In a "perfect" economy, kind of like the kind they use when teaching economics classes, yeah. But in the real world, maybe not.

Here is an example of a counterintuitive economic law. It is called Gresham's Law. Basically it means if you have a country with two currencies, one good and one pretty lousy, everyone independently realizes -- Geeze, I better put my good currency under my mattress or in the bank because it is valuable and spend this lousy currency to get rid of it. Result is, the good currency disappears from circulation while only the lousy currency stays in circulation. And a currency that doesn't circulate isn't really a currency.

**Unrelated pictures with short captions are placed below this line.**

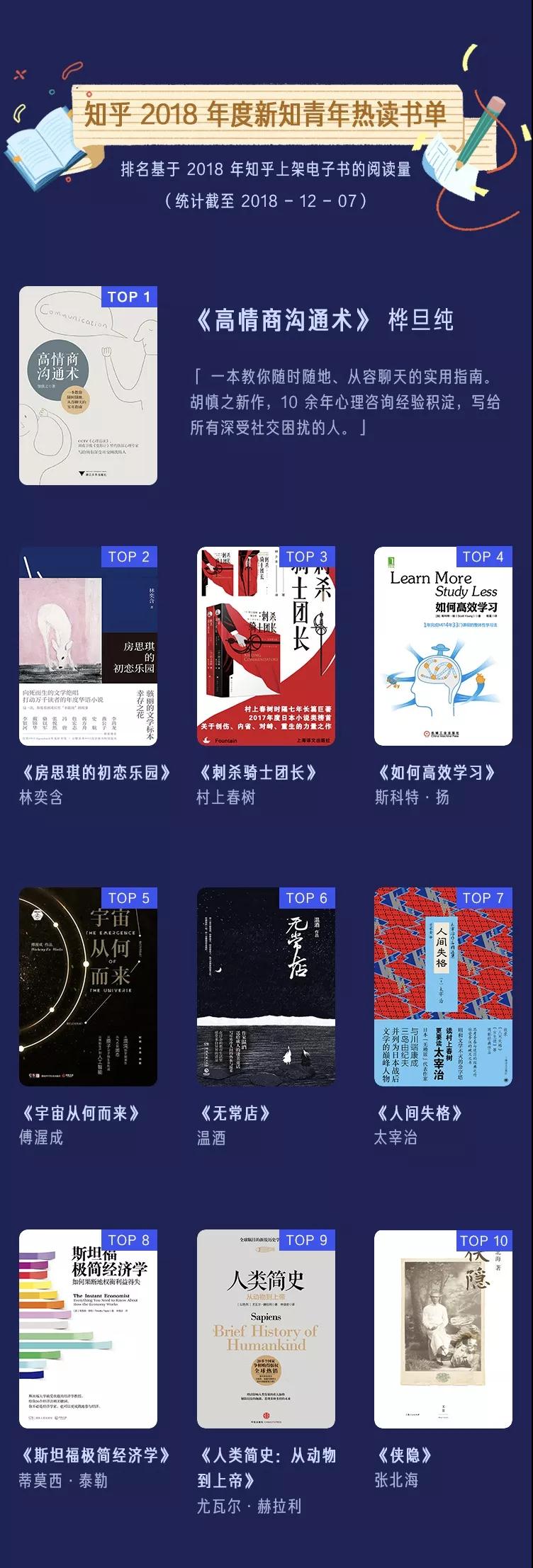 知乎书单3.jpg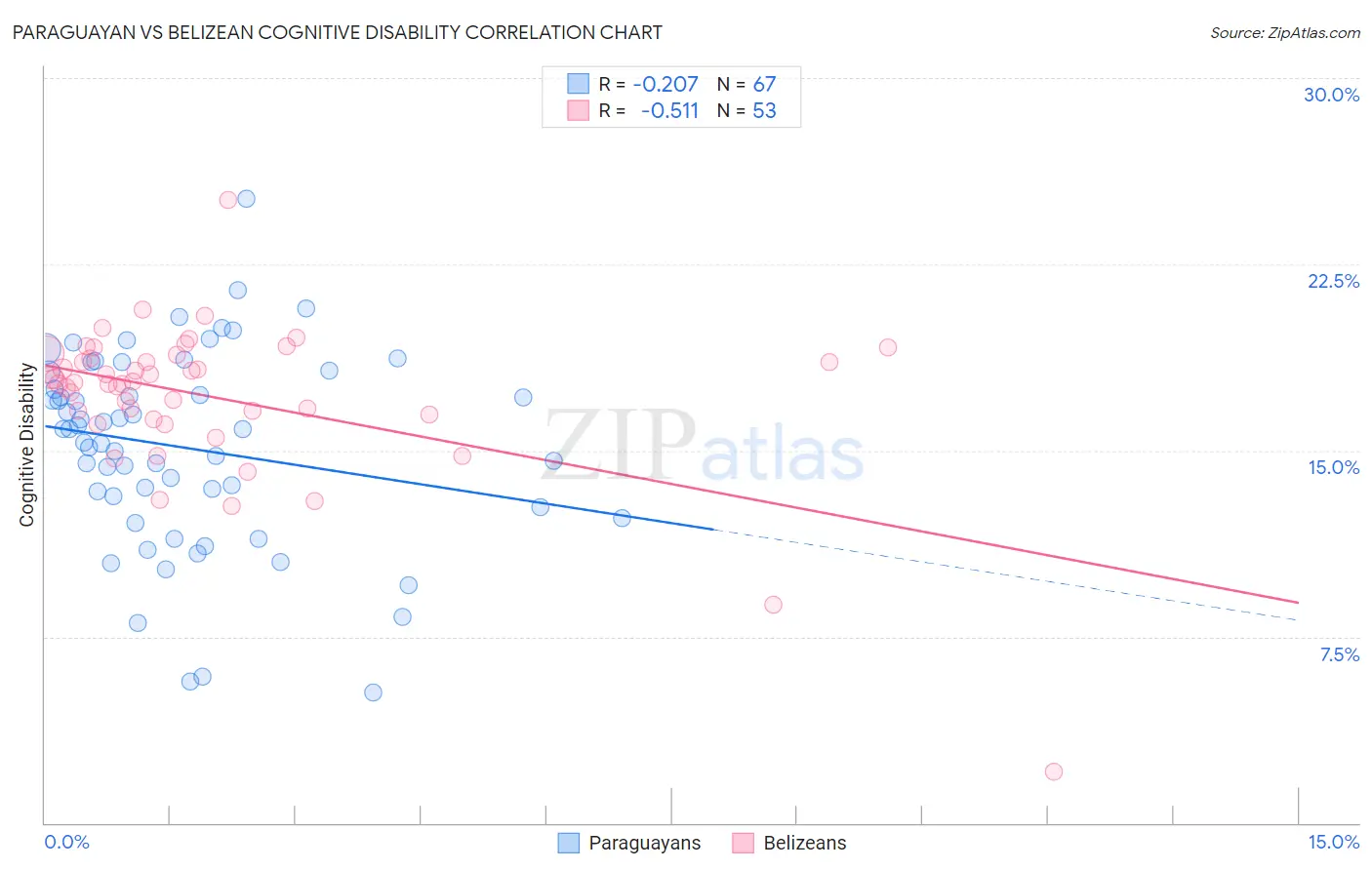 Paraguayan vs Belizean Cognitive Disability
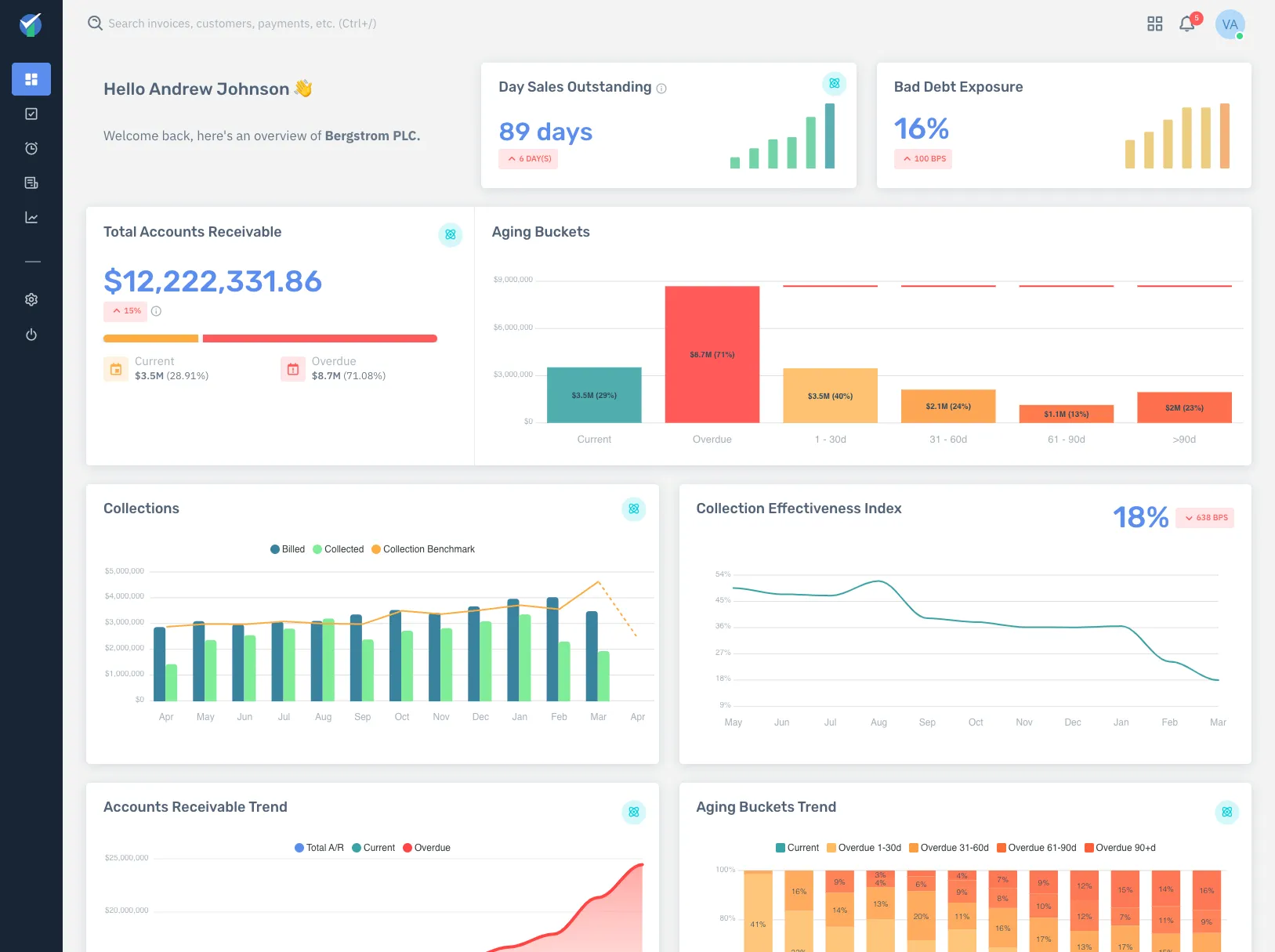 DulyPaid Accounts Receivable Dashboard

So the bad drives out the good.

I think it is perfectly possible for companies to independently decide to outsource, replace good American IT people with mediocre to bad non-Amercian (but cheaper) people, and then just stay that way. After all, changing after that would cost money and the benefits would be unquantifiable (after all, IT is a cost center, right?).

But this kind of decision making is bad across the board. There is a reason that corporate profits stink, and it isn't just because "labor costs are too high". I think much of it is due to plain rotton executive (and management) decisions. So a lot of corporations will just declare chapter 11 due to mismanagement (stockholders get dirt, bondholders get a bit, executives cash out), and then outsource lock, stock, and barrel. Other corporations will just become more and more multinational every day until they are US corporations only by registration.

As to why this happens -- my personal theory is that it is because the stockholders are now "owners" in name only. Instead of a few wealthy guys as owners, or ownership within a family, it is spread over a few hundred mutual funds, with hundreds of thousands of "owners". Therefore, there is no check on the board of directors, no check on the executives. Therefore they run the companies as their personal cash cow piggy banks. Managers who rock the boat (take risks) get canned, so managers just cover their own butts and rubber stamp the executives. Why do I think this? From being in consulting for a number of years and witnessing this first hand over and over and over and over.

62 posted on 07/15/2003 6:09:38 PM PDT by dark_lord (The Statue of Liberty now holds a baseball bat and she's yelling 'You want a piece of me?')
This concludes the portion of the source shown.